I thought I’d be smart and enable data=journal on my root file system. I know its slower, but I prefer data integrity over speed on this system. Even if its not my main data volume, I like the idea of the whole OS running with the best integrity.
So, here’s what I did… I edited my /etc/fstab file, and added “data=journal” in the mount options. Here’s my old fstab:
/dev/mapper/vg1-root / ext4 defaults,errors=remount-ro 0 1
I changed it to:
/dev/mapper/vg1-root / ext4 rw,data=journal,journal_checksum 0 1
Well… upon reboot, I got an error and it wouldn’t load the system:
EXT4-fs: cannot change data mode on remount
Turns out, during boot it’s first mounted as read only, if I understand things correctly, then remounted per your fstab options.
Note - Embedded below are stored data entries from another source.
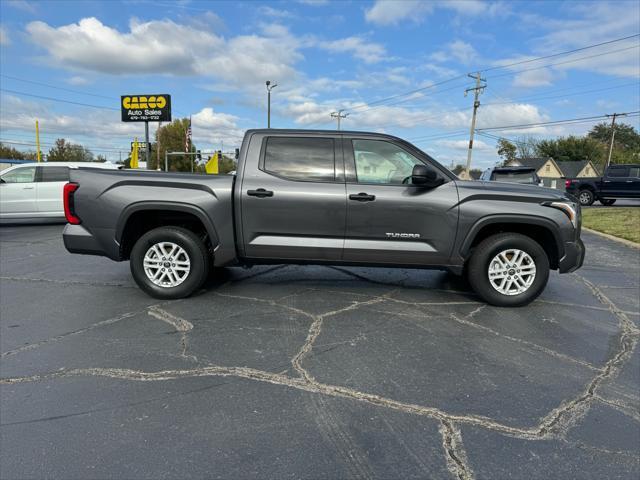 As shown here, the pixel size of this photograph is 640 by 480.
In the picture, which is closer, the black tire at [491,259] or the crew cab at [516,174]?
the black tire at [491,259]

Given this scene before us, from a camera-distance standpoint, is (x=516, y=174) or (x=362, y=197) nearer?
(x=362, y=197)

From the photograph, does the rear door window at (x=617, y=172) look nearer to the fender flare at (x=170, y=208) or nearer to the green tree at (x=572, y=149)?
the fender flare at (x=170, y=208)

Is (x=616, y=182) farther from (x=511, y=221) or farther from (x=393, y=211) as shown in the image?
(x=393, y=211)

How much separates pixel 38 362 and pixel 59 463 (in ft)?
4.73

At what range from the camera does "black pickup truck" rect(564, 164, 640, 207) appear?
65.4ft

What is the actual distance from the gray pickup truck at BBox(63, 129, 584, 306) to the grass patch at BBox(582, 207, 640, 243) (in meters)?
7.07

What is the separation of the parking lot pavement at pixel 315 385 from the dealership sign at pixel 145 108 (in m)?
28.0

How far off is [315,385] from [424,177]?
245cm

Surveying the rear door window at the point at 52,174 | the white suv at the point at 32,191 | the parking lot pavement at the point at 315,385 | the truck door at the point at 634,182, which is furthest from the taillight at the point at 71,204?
the truck door at the point at 634,182

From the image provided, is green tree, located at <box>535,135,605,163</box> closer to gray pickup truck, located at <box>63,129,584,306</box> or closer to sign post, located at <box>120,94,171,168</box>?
sign post, located at <box>120,94,171,168</box>

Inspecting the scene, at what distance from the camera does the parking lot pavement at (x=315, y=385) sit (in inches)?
90.5

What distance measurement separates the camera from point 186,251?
4.80 meters

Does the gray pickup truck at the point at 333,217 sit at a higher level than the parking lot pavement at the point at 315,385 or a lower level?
higher

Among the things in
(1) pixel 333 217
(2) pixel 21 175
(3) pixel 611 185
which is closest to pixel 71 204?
(1) pixel 333 217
When I created the file system I didn’t use the option to journal_data, which is not “ordered” mode, per ext4 default. And the root file system is remounted during boot. (correct Linux Pros out there? I have that right, right?) So to fix this, I booted into my trusted SystemRescueCD (on USB) and ran this:
tune2fs -o journal_data /dev/vg1/root
Yahoo! It booted right up with my new fstab options. Note that YOU MUST have created that file system with journaling enabled in the first place, like you would with “mkfs.ext4 -j /dev/sda1”. (with the -j option)
PS. You can list the options on the file system with “tune2sf -l /dev/sda1”.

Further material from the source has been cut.